Vector

OpenSearch implementation of vector search and CRUD capability.

`OpenSearchVectorCapability(index_name, em_invoker, client, opensearch_url=None, query_field='text', vector_query_field='vector', retrieval_strategy=None, distance_strategy=None, connection_params=None, encryption=None)`

OpenSearch implementation of VectorCapability protocol.

This class provides document CRUD operations and vector search using OpenSearch. Uses LangChain's OpenSearchVectorSearch for create and retrieve operations, and direct OpenSearch client for update and delete operations.

Attributes:

Name	Type	Description
`index_name`	`str`	The name of the OpenSearch index.
`vector_store`	`OpenSearchVectorSearch`	The vector store instance.
`client`	`AsyncOpenSearch`	AsyncOpenSearch client for direct operations.
`em_invoker`	`BaseEMInvoker`	The embedding model to perform vectorization.

Initialize the OpenSearch vector capability.

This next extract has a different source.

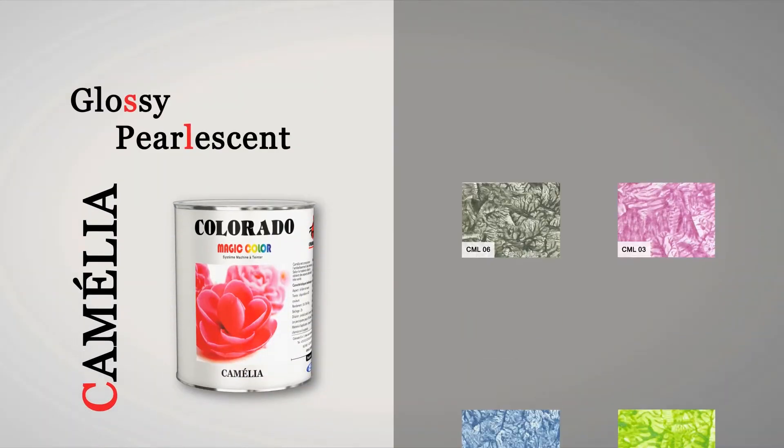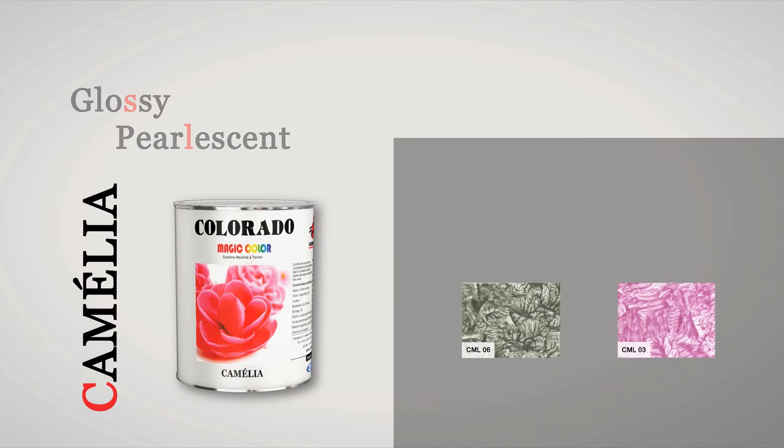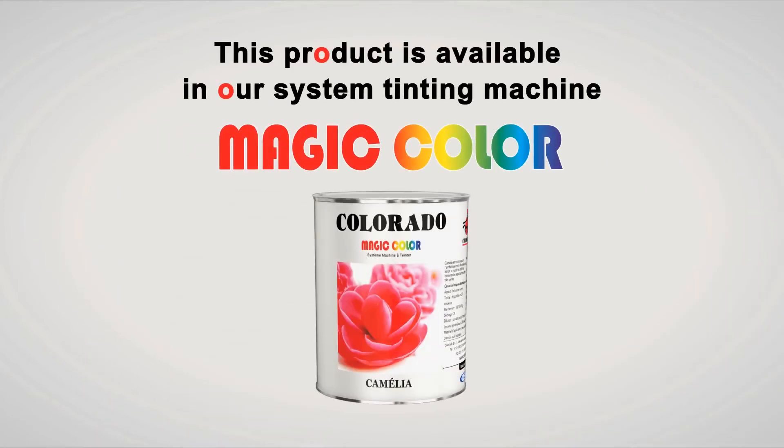Camellia is available in different color shades to meet your desires and tastes. This product is available in our system tinting machine Magic Color.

OpenSearchVectorSearch creates its own sync and async clients internally based on the provided connection parameters. The async client is used for operations like update, delete, and clear.

Parameters:

Name	Type	Description	Default
`index_name`	`str`	The name of the OpenSearch index.	required
`em_invoker`	`BaseEMInvoker`	The embedding model to perform vectorization.	required
`client`	`AsyncOpenSearch`	The OpenSearch client for direct operations.	required
`opensearch_url`	`str \| None`	The URL of the OpenSearch server. Used for LangChain's OpenSearchVectorSearch initialization. If None, will be extracted from client connection info. Defaults to None.	`None`
`query_field`	`str`	The field name for text queries. Defaults to "text".	`'text'`
`vector_query_field`	`str`	The field name for vector queries. Defaults to "vector".	`'vector'`
`retrieval_strategy`	`Any`	Not used with OpenSearchVectorSearch (kept for API compatibility).	`None`
`distance_strategy`	`str \| None`	The distance strategy for retrieval. For example, "l2" for Euclidean distance, "l2squared" for squared Euclidean distance, "cosine" for cosine similarity, etc. Defaults to None.	`None`
`connection_params`	`dict[str, Any] \| None`	Additional connection parameters to override defaults. These will be merged with automatically detected parameters (authentication, SSL settings). User-provided params take precedence. Defaults to None. Available parameters include: 1. http_auth (tuple[str, str] \| None): HTTP authentication tuple (username, password). 2. use_ssl (bool): Whether to use SSL/TLS. Defaults to True for HTTPS URLs. 3. verify_certs (bool): Whether to verify SSL certificates. Defaults to True for HTTPS URLs. 4. ssl_show_warn (bool): Whether to show SSL warnings. Defaults to True for HTTPS URLs. 5. ssl_assert_hostname (str \| None): SSL hostname assertion. Defaults to None. 6. max_retries (int): Maximum number of retries for requests. Defaults to 3. 7. retry_on_timeout (bool): Whether to retry on timeouts. Defaults to True. 8. client_cert (str \| None): Path to the client certificate file. Defaults to None. 9. client_key (str \| None): Path to the client private key file. Defaults to None. 10. root_cert (str \| None): Path to the root certificate file. Defaults to None. 11. Additional kwargs: Any other parameters accepted by OpenSearch client constructor.	`None`
`encryption`	`EncryptionCapability \| None`	Encryption capability for field-level encryption. Defaults to None.	`None`

`em_invoker` `property`

Returns the EM Invoker instance.

Returns:

Name	Type	Description
`BaseEMInvoker`	`BaseEMInvoker`	The EM Invoker instance.

`clear(**kwargs)` `async`

Clear all records from the datastore.

Examples:

from gllm_datastore.core.filters import filter as F

# Clear all chunks
await vector_capability.clear()

Parameters:

Name	Type	Description	Default
`**kwargs`	`Any`	Datastore-specific parameters.	`{}`

`create(data, **kwargs)` `async`

Create new records in the datastore.

This method will automatically encrypt the content and metadata of the chunks if encryption is enabled following the encryption configuration. When encryption is enabled, embeddings are generated from plaintext first, then chunks are encrypted, ensuring that embeddings represent the original content rather than encrypted ciphertext.

Examples:

from gllm_datastore.core.filters import filter as F

# Create a single chunk
await vector_capability.create(data=Chunk(content="Hello, world!", metadata={"source": "test"}))

Parameters:

Name	Type	Description	Default
`data`	`Chunk \| list[Chunk]`	Data to create (single item or collection).	required
`**kwargs`	`Any`	Datastore-specific parameters.	`{}`

Raises:

Type	Description
`ValueError`	If data structure is invalid.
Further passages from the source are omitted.